Instructions to follow: Output every record exactly and leave each picture out.
*** Extracted data ***
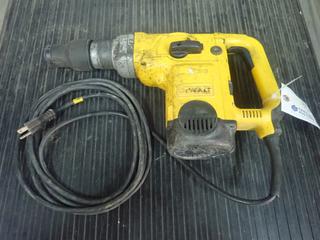 Dewalt D25600 1 3/4in 120V Rotary Hammer Drill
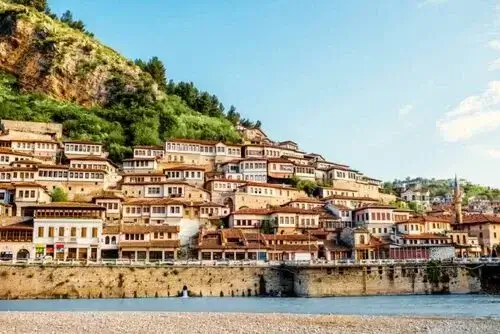 Requisitos para viajar a Albania desde España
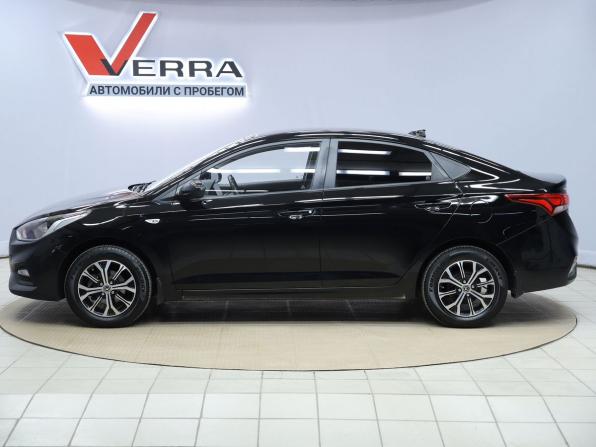 Hyundai Solaris II с пробегом 2018 года, цена 930 000 рублей, 251957 км, седан, Автокод Объявления
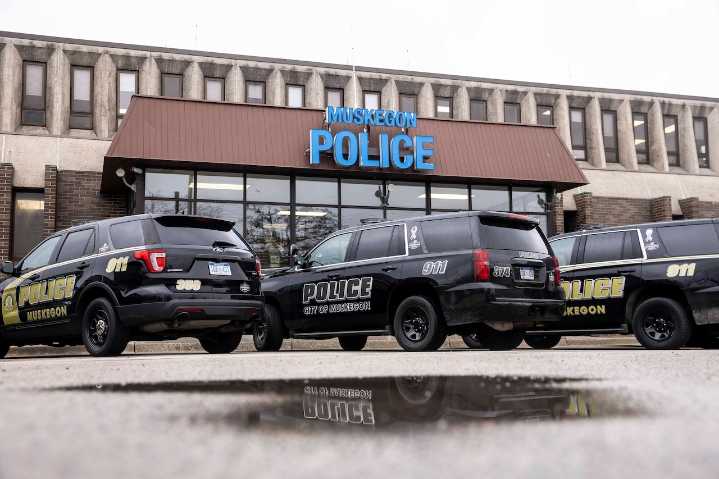 Woman stabbed during holdup attempt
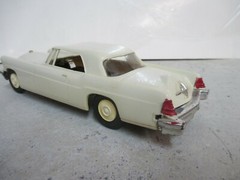 1956 A.M.T. FRICTION WHITE LINCOLN CONTINENTAL PROMO CAR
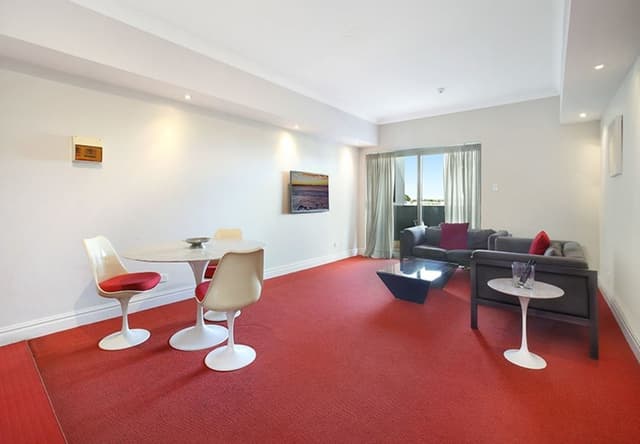 Deluxe Studio, Non Smoking, Balcony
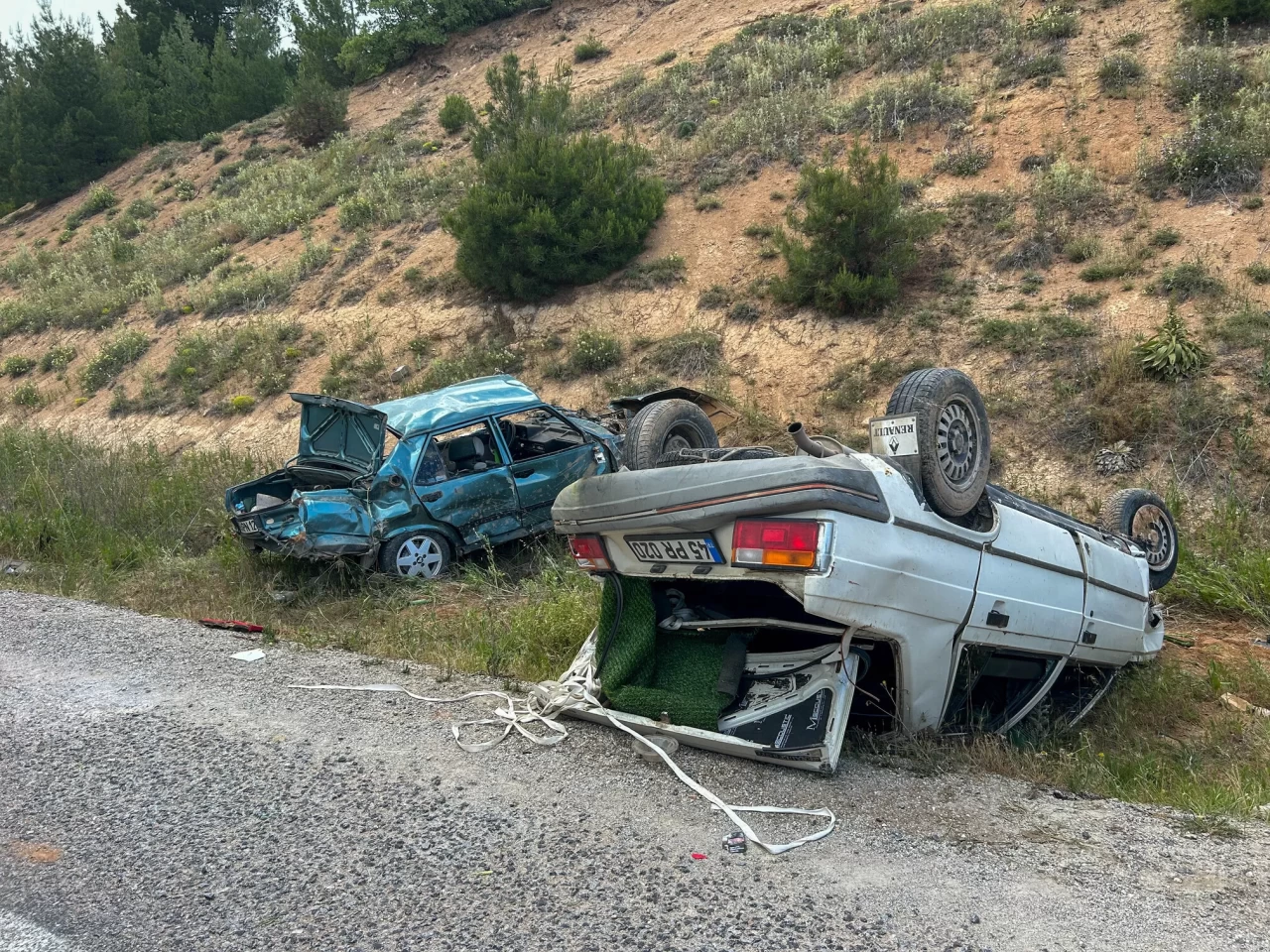 Uşak'ta feci kaza: İki otomobil çarpıştı, 7 kişi yaralandı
*** End of Extracted data ***
Your response:
 Dewalt D25600 1 3/4in 120V Rotary Hammer Drill
 Requisitos para viajar a Albania desde España
 Hyundai Solaris II с пробегом 2018 года, цена 930 000 рублей, 251957 км, седан, Автокод Объявления
 Woman stabbed during holdup attempt
 1956 A.M.T. FRICTION WHITE LINCOLN CONTINENTAL PROMO CAR
 Deluxe Studio, Non Smoking, Balcony
 Uşak'ta feci kaza: İki otomobil çarpıştı, 7 kişi yaralandı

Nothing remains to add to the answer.